- **Image-caption web data**:
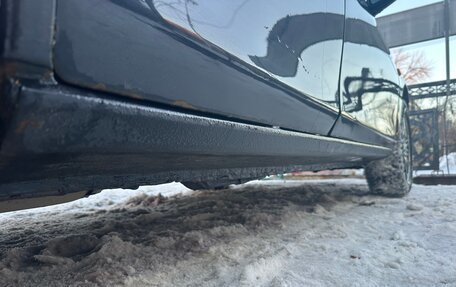 Mazda 323, 1997 год, 260 000 рублей, 7 фотография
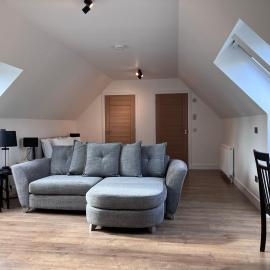 Berryfield Holiday Apartment, hotel in Inverness
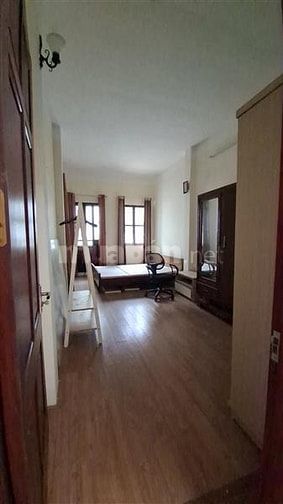 Nhà Lạc Trung_Phân Lô_Gara ÔTÔ_Mặt Ngõ Thông_DT 64m2 x 3 Tầng_Hơn 15Tỷ
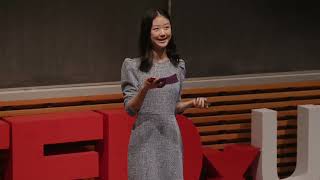 Advancing Health Equity Through Language and Communication | Lynda Li | TEDxUBC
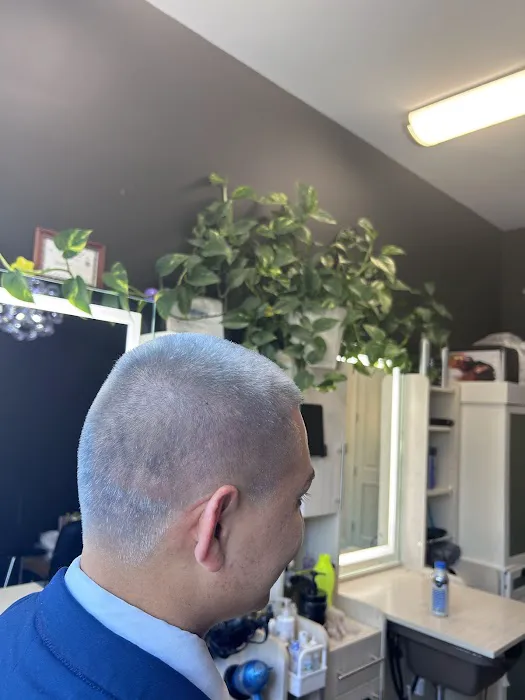 Fonsi’s hair studio Picture 9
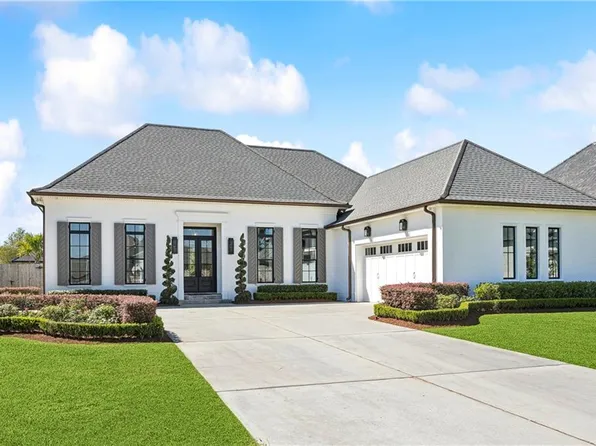 114 Bald Eagle Dr, Belle Chasse, LA 70037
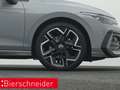 Volkswagen Golf R 8 1.5 eTSI DSG R-LINE BLACK STYLE PANO IQ.LIGHT NA Grau - thumbnail 30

- **Aim of the exercise**:
Starting with the first line of the data above, write out each line exactly up to and including the line that holds "114 Bald Eagle Dr, Belle Chasse, LA 70037". Pictures stay out.

- **Task solution**:
 Mazda 323, 1997 год, 260 000 рублей, 7 фотография
 Berryfield Holiday Apartment, hotel in Inverness
 Nhà Lạc Trung_Phân Lô_Gara ÔTÔ_Mặt Ngõ Thông_DT 64m2 x 3 Tầng_Hơn 15Tỷ
 Advancing Health Equity Through Language and Communication | Lynda Li | TEDxUBC
 Fonsi’s hair studio Picture 9
 114 Bald Eagle Dr, Belle Chasse, LA 70037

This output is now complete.